Records for this task
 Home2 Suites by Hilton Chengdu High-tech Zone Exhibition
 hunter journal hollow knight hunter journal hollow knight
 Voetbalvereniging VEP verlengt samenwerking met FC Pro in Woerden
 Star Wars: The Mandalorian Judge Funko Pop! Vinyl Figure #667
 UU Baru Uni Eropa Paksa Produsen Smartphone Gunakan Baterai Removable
==
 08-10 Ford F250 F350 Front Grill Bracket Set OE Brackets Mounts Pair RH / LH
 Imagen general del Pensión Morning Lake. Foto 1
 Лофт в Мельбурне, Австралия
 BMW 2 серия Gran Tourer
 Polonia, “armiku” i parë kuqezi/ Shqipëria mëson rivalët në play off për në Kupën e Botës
---
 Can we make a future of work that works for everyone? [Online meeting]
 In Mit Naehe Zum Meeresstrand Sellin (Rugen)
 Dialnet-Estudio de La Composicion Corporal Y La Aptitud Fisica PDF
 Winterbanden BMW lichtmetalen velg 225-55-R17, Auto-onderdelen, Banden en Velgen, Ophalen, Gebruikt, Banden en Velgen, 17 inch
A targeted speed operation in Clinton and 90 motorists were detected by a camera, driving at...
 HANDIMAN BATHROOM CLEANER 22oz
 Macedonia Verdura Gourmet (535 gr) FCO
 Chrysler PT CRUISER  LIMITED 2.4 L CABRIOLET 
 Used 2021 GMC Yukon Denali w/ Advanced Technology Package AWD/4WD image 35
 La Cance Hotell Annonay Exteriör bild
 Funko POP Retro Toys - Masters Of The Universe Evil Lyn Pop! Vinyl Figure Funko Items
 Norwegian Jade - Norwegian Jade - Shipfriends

What the exercise asks
Copy out only the lines above from the one with "A targeted speed" to the one with "Norwegian Jade - Norwegian", inclusive, exactly as they stand.

Exercise output
A targeted speed operation in Clinton and 90 motorists were detected by a camera, driving at...
 HANDIMAN BATHROOM CLEANER 22oz
 Macedonia Verdura Gourmet (535 gr) FCO
 Chrysler PT CRUISER  LIMITED 2.4 L CABRIOLET 
 Used 2021 GMC Yukon Denali w/ Advanced Technology Package AWD/4WD image 35
 La Cance Hotell Annonay Exteriör bild
 Funko POP Retro Toys - Masters Of The Universe Evil Lyn Pop! Vinyl Figure Funko Items
 Norwegian Jade - Norwegian Jade - Shipfriends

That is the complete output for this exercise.